[Short web captions]
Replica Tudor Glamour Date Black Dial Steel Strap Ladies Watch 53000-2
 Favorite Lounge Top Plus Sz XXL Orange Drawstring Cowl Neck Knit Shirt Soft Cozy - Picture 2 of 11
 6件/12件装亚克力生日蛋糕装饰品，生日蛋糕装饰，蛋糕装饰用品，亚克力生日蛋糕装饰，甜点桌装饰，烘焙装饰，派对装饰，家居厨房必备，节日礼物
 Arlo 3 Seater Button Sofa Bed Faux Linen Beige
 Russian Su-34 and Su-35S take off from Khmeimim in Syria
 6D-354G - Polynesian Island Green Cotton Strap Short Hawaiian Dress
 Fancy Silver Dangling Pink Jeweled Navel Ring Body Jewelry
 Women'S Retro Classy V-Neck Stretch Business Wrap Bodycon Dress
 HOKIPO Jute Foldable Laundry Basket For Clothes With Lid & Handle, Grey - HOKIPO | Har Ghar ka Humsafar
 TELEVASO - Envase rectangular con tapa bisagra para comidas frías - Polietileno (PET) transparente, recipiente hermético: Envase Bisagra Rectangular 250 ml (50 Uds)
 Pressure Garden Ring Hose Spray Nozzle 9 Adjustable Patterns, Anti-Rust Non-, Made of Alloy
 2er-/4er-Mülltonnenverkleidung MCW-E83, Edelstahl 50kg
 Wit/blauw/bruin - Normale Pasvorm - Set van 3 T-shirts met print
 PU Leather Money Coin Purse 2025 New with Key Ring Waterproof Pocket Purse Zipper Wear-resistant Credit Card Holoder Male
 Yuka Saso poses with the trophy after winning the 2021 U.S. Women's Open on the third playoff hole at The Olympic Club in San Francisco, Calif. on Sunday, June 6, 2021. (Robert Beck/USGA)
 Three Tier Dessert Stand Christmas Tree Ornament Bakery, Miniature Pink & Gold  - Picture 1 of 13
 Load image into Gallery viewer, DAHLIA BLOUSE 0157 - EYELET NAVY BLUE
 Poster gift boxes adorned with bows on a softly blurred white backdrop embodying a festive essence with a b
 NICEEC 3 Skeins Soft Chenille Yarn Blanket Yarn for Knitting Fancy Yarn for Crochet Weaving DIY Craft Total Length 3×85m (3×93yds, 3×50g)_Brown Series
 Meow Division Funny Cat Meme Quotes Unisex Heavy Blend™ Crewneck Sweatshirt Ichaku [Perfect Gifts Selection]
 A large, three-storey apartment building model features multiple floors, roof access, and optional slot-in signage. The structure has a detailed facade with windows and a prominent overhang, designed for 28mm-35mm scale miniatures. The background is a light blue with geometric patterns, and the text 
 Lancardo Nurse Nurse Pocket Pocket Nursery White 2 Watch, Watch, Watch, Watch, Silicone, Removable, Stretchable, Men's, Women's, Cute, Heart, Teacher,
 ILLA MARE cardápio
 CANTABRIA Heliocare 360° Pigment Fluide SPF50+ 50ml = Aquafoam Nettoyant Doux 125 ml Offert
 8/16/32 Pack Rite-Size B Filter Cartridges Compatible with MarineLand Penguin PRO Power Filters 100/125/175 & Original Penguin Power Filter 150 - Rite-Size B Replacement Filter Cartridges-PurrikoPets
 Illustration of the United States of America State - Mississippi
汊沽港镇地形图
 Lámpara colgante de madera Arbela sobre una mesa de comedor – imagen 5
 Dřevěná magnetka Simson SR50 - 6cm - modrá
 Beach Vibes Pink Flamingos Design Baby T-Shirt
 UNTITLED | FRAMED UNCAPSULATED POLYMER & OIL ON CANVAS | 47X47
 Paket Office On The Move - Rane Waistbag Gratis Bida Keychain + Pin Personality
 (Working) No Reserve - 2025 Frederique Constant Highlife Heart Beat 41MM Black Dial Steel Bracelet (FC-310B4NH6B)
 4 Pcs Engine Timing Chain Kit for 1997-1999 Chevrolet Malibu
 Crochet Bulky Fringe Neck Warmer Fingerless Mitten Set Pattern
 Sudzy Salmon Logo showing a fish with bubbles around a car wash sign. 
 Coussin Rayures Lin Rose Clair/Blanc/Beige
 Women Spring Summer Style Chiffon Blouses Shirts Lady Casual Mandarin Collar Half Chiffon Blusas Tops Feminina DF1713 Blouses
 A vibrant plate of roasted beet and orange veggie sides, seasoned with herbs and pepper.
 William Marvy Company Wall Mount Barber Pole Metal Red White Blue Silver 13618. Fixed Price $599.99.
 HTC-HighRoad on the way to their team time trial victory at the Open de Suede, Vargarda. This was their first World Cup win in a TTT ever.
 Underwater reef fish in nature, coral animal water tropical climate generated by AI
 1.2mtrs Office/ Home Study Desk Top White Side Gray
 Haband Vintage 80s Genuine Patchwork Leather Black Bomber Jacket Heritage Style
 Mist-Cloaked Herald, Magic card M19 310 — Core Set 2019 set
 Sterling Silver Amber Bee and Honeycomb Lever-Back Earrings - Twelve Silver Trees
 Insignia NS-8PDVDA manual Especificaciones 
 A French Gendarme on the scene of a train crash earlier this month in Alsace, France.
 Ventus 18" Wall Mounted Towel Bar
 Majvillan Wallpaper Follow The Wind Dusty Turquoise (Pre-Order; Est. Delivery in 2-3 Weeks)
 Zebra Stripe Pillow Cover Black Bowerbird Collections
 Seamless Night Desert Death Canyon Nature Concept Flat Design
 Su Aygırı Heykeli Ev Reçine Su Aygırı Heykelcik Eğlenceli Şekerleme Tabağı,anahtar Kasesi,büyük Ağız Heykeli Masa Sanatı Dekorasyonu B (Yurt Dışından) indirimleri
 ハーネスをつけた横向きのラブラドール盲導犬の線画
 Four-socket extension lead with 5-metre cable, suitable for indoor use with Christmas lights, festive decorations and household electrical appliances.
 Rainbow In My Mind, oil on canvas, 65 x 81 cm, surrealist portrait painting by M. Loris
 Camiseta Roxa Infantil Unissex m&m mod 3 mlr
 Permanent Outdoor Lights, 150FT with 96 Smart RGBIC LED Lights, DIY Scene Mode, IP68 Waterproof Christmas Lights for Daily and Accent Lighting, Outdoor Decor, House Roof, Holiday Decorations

Try it:
The lines of the data, from the first through the one containing "Arlo 3 Seater", are to be transcribed exactly.

Answer to this problem:
Replica Tudor Glamour Date Black Dial Steel Strap Ladies Watch 53000-2
 Favorite Lounge Top Plus Sz XXL Orange Drawstring Cowl Neck Knit Shirt Soft Cozy - Picture 2 of 11
 6件/12件装亚克力生日蛋糕装饰品，生日蛋糕装饰，蛋糕装饰用品，亚克力生日蛋糕装饰，甜点桌装饰，烘焙装饰，派对装饰，家居厨房必备，节日礼物
 Arlo 3 Seater Button Sofa Bed Faux Linen Beige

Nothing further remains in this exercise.